Мало того, что книга моя была отвергнута в редакции "Знамя", мне было рекомендовано отвечать на вопросы читателей, что работу над рукописью я не закончил еще, что работа эта затянется на долгое время. Иными словами, мне было предложено говорить неправду.
Мало того, когда рукопись моя была изъята, мне предложили дать подписку, что за разглашение факта изъятия рукописи я буду отвечать в уголовном порядке.
Методы, которыми все происшедшее с моей книгой хотят оставить в тайне, не есть методы борьбы с неправдой, с клеветой. Так с ложью не борются. Так борются против правды.
Что же это такое? Как понять это в свете идей XXII съезда партии?
Дорогой Никита Сергеевич! У нас теперь часто пишут и говорят, что мы возвращаемся к ленинским нормам демократии. В суровую пору гражданской войны, оккупации, хозяйственной разрухи, голода Ленин создал нормы демократии, которые во все сталинские времена казались фантастически большими.
Вы на XXII съезде партии безоговорочно осудили кровавые беззакония и жестокости, которые были совершены Сталиным. Сила и смелость, с которой Вы сделали это, дают все основания думать, что нормы нашей демократии будут расти так же, как выросли со времен разрухи, сопутствовавшей гражданской войне, нормы производства стали, угля, электричества. Ведь в росте демократии и свободы еще больше, чем в росте производства и потребления, существо нового человеческого общества. Вне беспрерывного роста норм свободы и демократии новое общество мне кажется немыслимым.
Как же понять, что в наше время у писателя производят обыск, отбирают у него книгу, пусть полную несовершенства, но написанную кровью его сердца, написанную во имя правды и любви к людям, и грозят ему тюрьмой, если он станет говорить о своем горе.
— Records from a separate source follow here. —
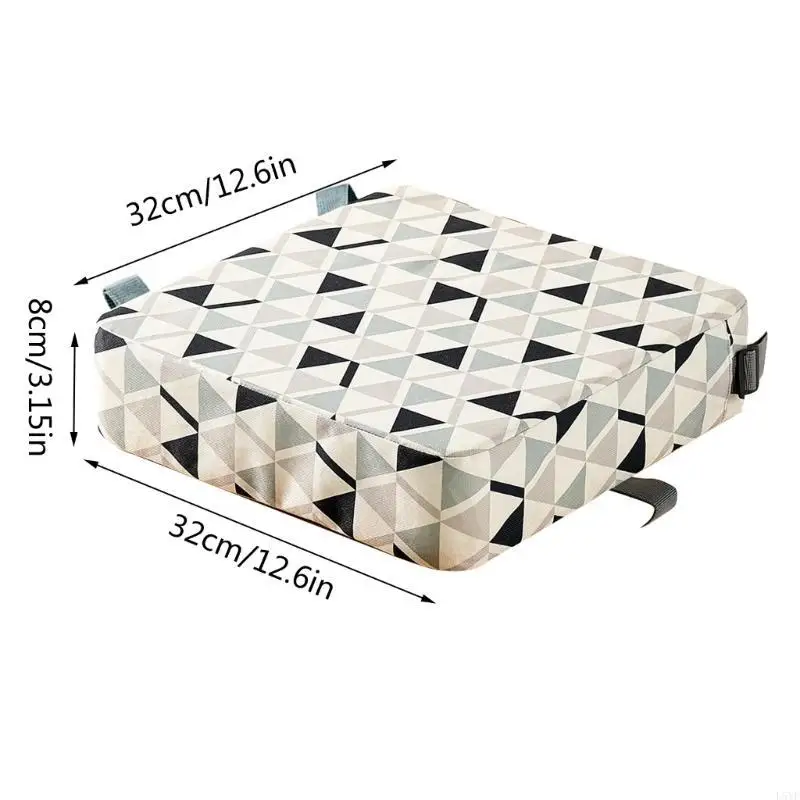 Cojín suave para silla L5YF, cojín para silla con ajuste altura, cojín apoyo para silla para niños pequeños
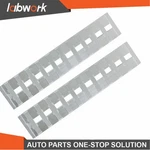 Labwork 60''X12'' Aluminum Trailer Ramps 6500LBS Car Truck Hook End New. Price: $183.62.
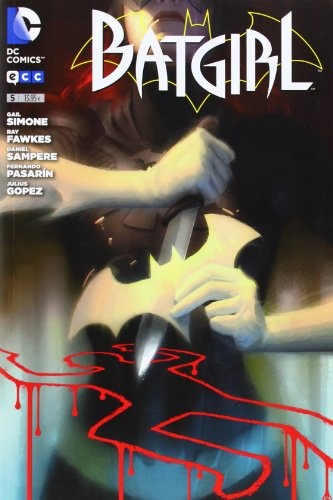 BATGIRL # 05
Я убежден, что самые суровые и непримиримые прокуроры моей книги должны во многом изменить свою точку зрения на нее, должны признать ошибочным ряд кардинальных обвинений, высказанных ими в адрес моей рукописи год-полтора назад - до XXII съезда.
Я прошу Вас вернуть свободу моей книге, я прошу, чтобы о моей рукописи говорили и спорили со мной редакторы, а не сотрудники Комитета Государственной Безопасности.
Нет смысла, нет правды в нынешнем положении, в моей физической свободе, когда книга, которой я отдал свою жизнь, находится в тюрьме, ведь я ее написал, ведь я не отрекался и не отрекаюсь от нее. Прошло двенадцать лет с тех пор, как я начал работу над этой книгой. Я по-прежнему считаю, что написал правду, что писал я ее, любя и жалея людей, веря в людей. Я прошу свободы моей книге.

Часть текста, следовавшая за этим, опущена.